召集日当日、開会式に引き続き、衆参両院の本会議において、小渕総理大臣の所信表明演説が行われた。
この中で、小渕総理大臣は、安定した政局の下で、政策を共有できる政党が互いに切磋琢磨し、より良い政策を練り上げ相協力して実行に移していくことが国民や国家のためであると考え、3党派の広範な政策合意をもととして、連立内閣を樹立したと述べた。
次に、核武装等をめぐる西村前防衛政務次官の発言問題に関し、任命権者として国民に対し陳謝し、非核三原則の堅持を言明した。
また、経済政策では、景気は厳しい状況を脱していないものの、緩やかな改善を続けているとして、平成11年度実質経済成長率0.5%の達成に自信を表明し、その上で、中小企業対策を日本経済新生のカギと位置づけ、中小企業支援策などを盛り込んだ事業規模で10兆円超の経済新生対策を実施すると述べた。
さらに、危機管理体制に関しては、国民一人一人の生命や安全な生活を守ることは政治や行政が負うべき極めて重要な課題とし、茨城県東海村の臨界事故を教訓とした原子力に関する安全規制及び防災対策の強化のための法案や、オウム真理教を念頭に置きつつ、無差別大量殺人行為を行った団体に対する規制法案を提出する方針を示した。
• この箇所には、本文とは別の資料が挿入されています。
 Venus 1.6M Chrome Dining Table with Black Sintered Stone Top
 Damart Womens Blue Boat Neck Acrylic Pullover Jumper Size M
また、介護保険制度については、予定通り平成12年4月からの実施に向け、準備に万全を期する考えを表明し、その負担軽減等の制度見直しについては、与党間の協議を踏まえ適切に対応すると述べた。
また、沖縄が抱える諸問題の解決と、来年の九州・沖縄サミットの成功に向け、全力を挙げる決意を表明した。
これに対する衆議院本会議の各党代表質問は、11月2日に行われ、自自公連立問題、企業・団体献金、介護保険、社会保障、オウム対策、有事法制、商工ローン、原子力行政及び財政再建などについて論議が展開された。
参議院においては、同月4日に各党代表質問が行われた。
政府は、11月25日に経済新生対策を実施するための総事業規模約18兆円の平成11年度第2次補正予算を提出し、同日、衆参両院の本会議において、大蔵大臣の財政に関する演説が行われ、12月1日には、各党の代表者による質疑が行われた。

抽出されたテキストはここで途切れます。